_YOUR ASSIGNMENT_
I need an exact copy of the lines from the one containing "As pontes do" through the end of the records, without any pictures.

Data entries
================================
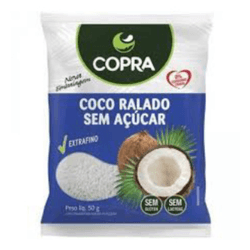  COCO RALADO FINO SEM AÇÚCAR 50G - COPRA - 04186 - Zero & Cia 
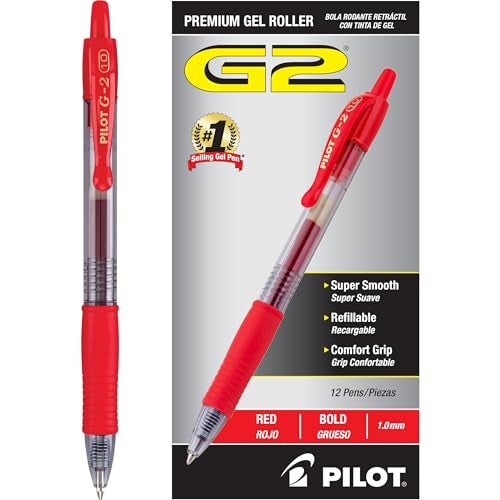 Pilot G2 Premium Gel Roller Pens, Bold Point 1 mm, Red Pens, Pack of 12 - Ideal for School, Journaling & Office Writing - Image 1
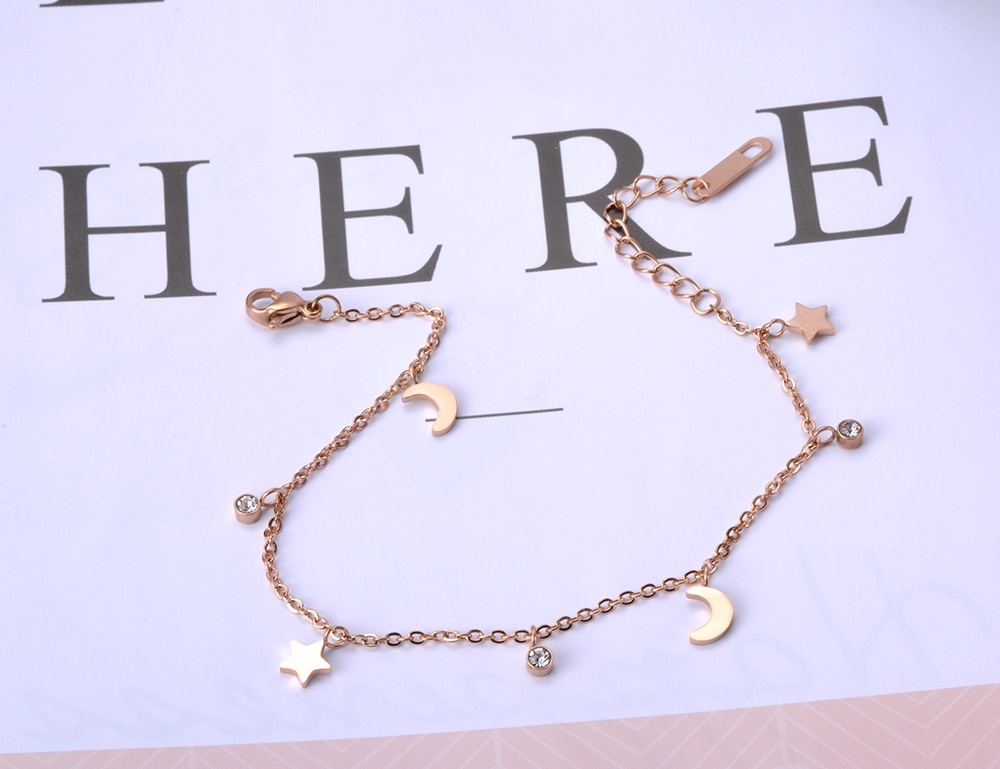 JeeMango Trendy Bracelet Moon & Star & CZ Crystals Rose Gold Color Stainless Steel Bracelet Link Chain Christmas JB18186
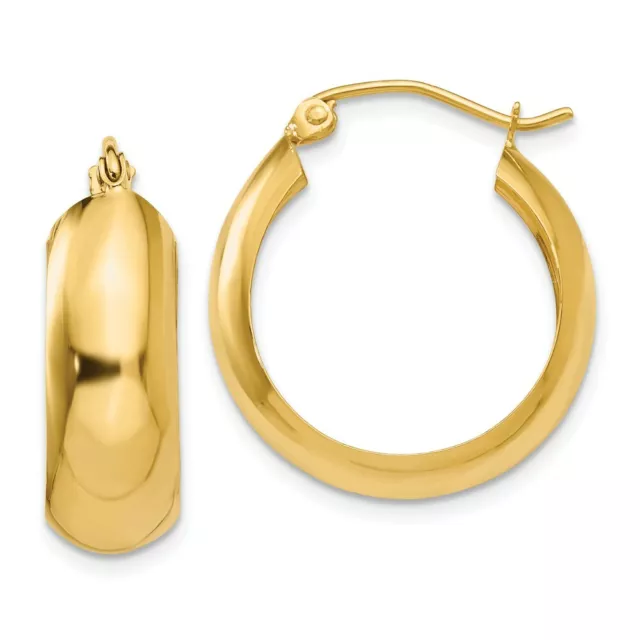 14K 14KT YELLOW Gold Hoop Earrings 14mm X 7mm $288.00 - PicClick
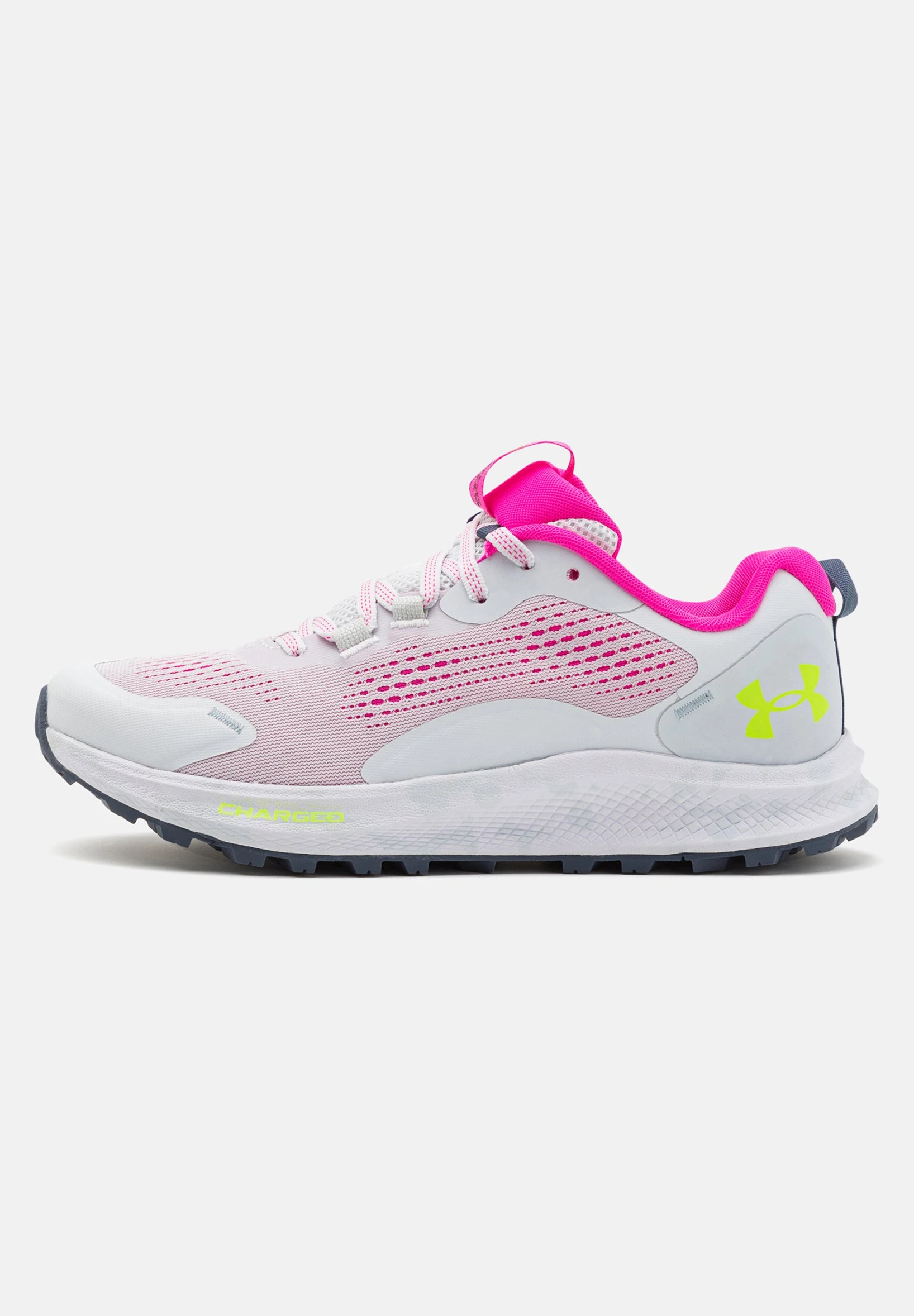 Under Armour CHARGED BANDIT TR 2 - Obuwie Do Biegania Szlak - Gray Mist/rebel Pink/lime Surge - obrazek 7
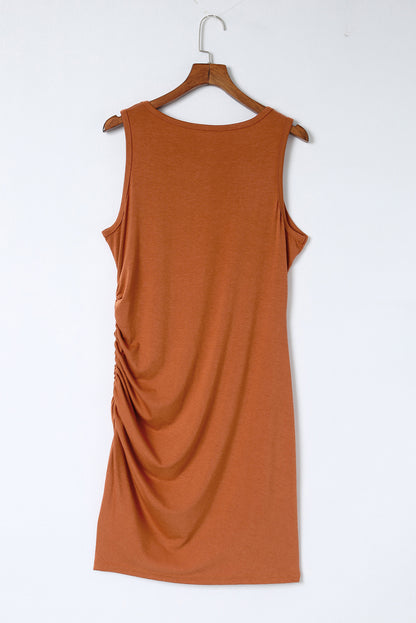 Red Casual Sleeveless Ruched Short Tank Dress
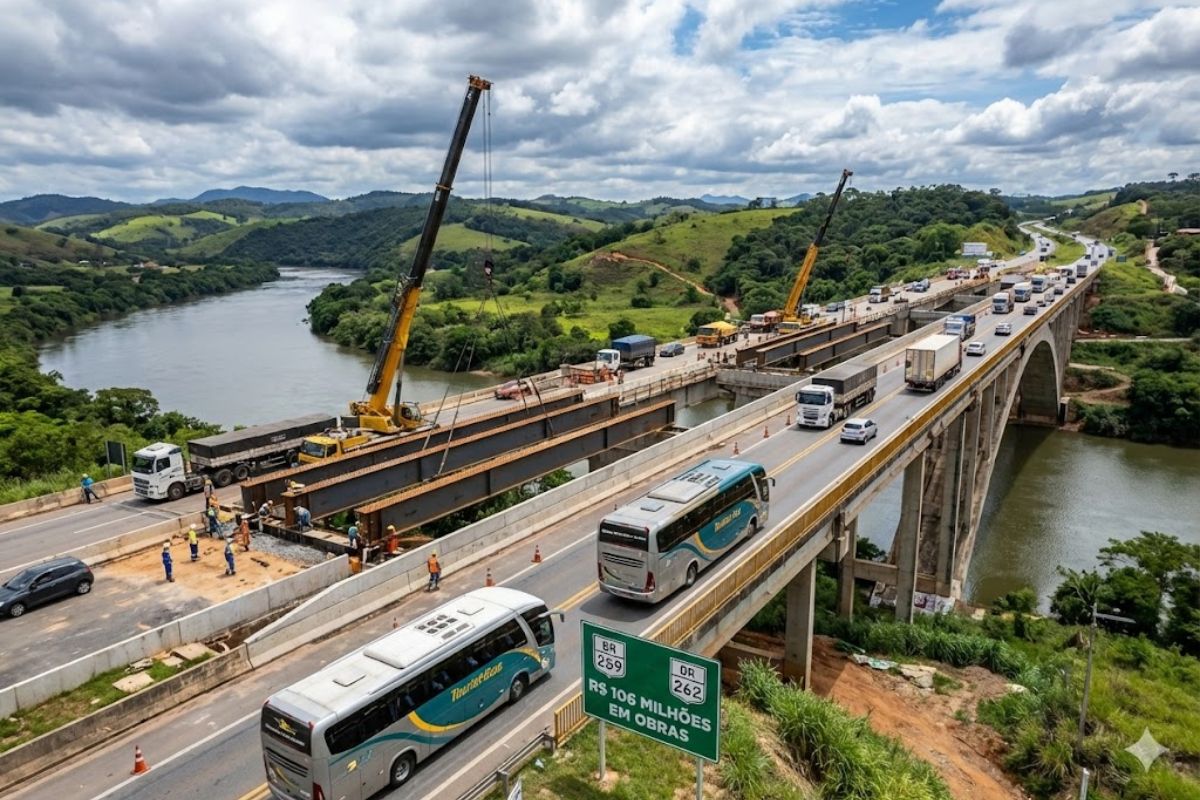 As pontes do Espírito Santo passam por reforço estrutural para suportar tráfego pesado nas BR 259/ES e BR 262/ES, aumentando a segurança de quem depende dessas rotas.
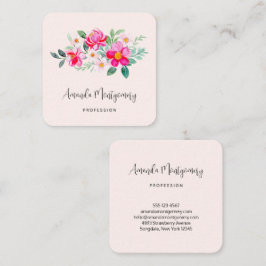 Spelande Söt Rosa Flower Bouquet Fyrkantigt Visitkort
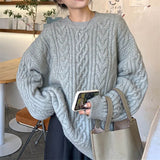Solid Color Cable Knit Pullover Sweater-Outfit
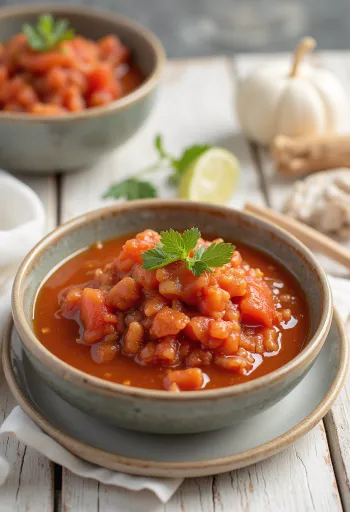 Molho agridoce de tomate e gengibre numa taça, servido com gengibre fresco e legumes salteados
================================
_RESPONSE BELOW_
 As pontes do Espírito Santo passam por reforço estrutural para suportar tráfego pesado nas BR 259/ES e BR 262/ES, aumentando a segurança de quem depende dessas rotas.
 Spelande Söt Rosa Flower Bouquet Fyrkantigt Visitkort
Solid Color Cable Knit Pullover Sweater-Outfit
 Molho agridoce de tomate e gengibre numa taça, servido com gengibre fresco e legumes salteados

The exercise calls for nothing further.